Every line of the entries below from the one containing "2012-2014 Cadillac Escalade" to the one containing "roze metalen bijzet tafel", both ends included, must be written out exactly. No other line belongs in the answer.

### Short descriptive text snippets
┄┄┄┄┄┄┄┄┄┄

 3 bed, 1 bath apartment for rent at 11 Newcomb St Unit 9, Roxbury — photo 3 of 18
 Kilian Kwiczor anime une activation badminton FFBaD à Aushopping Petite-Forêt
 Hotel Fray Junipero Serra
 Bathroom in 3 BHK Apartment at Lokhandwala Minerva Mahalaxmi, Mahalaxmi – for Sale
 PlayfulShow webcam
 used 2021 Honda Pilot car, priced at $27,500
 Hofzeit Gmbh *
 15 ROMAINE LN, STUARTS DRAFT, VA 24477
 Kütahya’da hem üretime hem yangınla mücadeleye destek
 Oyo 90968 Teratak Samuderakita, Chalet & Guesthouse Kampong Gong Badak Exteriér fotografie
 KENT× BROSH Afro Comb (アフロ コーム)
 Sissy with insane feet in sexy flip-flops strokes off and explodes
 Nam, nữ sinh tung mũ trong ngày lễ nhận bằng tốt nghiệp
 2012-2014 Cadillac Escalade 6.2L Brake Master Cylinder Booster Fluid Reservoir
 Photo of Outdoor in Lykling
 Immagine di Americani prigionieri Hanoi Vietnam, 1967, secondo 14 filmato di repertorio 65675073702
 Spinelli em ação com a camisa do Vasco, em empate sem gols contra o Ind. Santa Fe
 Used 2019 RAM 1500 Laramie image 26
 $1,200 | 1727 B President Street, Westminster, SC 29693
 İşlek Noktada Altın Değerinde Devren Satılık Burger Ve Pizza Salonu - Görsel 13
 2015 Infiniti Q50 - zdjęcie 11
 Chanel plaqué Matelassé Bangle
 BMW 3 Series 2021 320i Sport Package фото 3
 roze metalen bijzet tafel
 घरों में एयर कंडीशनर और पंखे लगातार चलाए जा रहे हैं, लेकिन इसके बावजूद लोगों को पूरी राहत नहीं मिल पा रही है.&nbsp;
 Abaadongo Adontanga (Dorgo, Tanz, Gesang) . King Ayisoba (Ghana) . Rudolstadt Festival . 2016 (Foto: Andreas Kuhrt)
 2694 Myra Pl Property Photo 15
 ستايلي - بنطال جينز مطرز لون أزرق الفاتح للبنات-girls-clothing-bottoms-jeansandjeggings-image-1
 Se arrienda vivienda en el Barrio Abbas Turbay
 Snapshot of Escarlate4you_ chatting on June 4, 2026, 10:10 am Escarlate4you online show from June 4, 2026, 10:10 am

┄┄┄┄┄┄┄┄┄┄

### Written solution
 2012-2014 Cadillac Escalade 6.2L Brake Master Cylinder Booster Fluid Reservoir
 Photo of Outdoor in Lykling
 Immagine di Americani prigionieri Hanoi Vietnam, 1967, secondo 14 filmato di repertorio 65675073702
 Spinelli em ação com a camisa do Vasco, em empate sem gols contra o Ind. Santa Fe
 Used 2019 RAM 1500 Laramie image 26
 $1,200 | 1727 B President Street, Westminster, SC 29693
 İşlek Noktada Altın Değerinde Devren Satılık Burger Ve Pizza Salonu - Görsel 13
 2015 Infiniti Q50 - zdjęcie 11
 Chanel plaqué Matelassé Bangle
 BMW 3 Series 2021 320i Sport Package фото 3
 roze metalen bijzet tafel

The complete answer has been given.